On September 14, the Australian Federal Police (AFP) announced that on September 13, they arrested a director in the Sydney-based Radiance International group of companies, Mozammil Gulamabbas Bhojani, on a charge of conspiring to bribe foreign officials in Nauru. Bhojani’s arrest stemmed from “Operation Regatta,” which the AFP began in 2015 to investigate allegations that Radiance International and its related group of companies, which specialize in trading rock phosphate, conspired to pay bribes to Nauruan public officials.
Bhojani allegedly was involved in making five payments totaling more than AU$100,000 to the officials. According to ABC News, court documents show that Bhojani “operates a multinational business with a network of international contacts,” and has “appears to have extensive business interests on Nauru” and “has access to large quantities of cash.” Subsequently, ABC News reported that Radiance International had also received a AU$2.5 million contract from the Australian Department of Home Affairs for refugee accommodation structures on Nauru.
Note: This case is a reflection of the increasing sophistication in Australian law enforcement’s pursuit of foreign bribery over the last five years. Since 2013, the AFP has not only provided cooperation in other countries’ foreign-bribery investigations such as Alcoa and Unaoil, but also been a participant in the four-nation International Foreign Bribery Taskforce (IFBT) with the Federal Bureau of Investigation, the Royal Canadian Mounted Police, and the United Kingdom National Crime Agency.
Historically, Australian authorities were criticized for pursuing only a very few foreign-bribery cases. Last September, in just the second foreign-bribery prosecution in Australia, the New South Wales Supreme Court in Regina v. Jousif imposed sentences of imprisonment on three individual defendants. But the December 2017 OECD Working Group on Bribery’s Phase 4 Report credited Australia with “significantly” increased enforcement since 2014, noting that the AFP had 19 active investigations and three further case referrals to the Commonwealth Director of Public Prosecutions.
Since the Phase 4 Report, the Bhojani case is the second foreign-bribery case that the AFP has brought in 2018. Previously, Australian-based consulting firm SKM was charged with allegedly bribing Vietnamese officials between 2006 and 2011 and Philippine officials between 2000 and mid-2005.

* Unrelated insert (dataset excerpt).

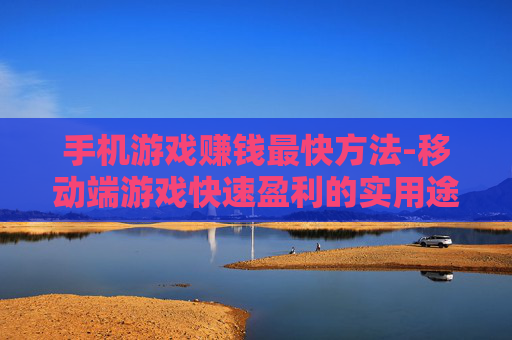 手机游戏赚钱最快方法-移动端游戏快速盈利的实用途径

Moreover, public information about the Bhojani case contains some indications of its complexity. Evidence amassed to date includes telephone intercepts and bank records, as well as “a large number of documents and electronic records” seized in a series of raids on Bhojani’s home and the Brisbane office of Ronphos, Nauru’s state-owned phosphate corporation that supplies rock phosphate to customers internationally. If the experience of other countries in complex foreign-bribery cases is any guide, the Bhojani prosecution is likely to be the first, but not the last, prosecution in Operation Regatta.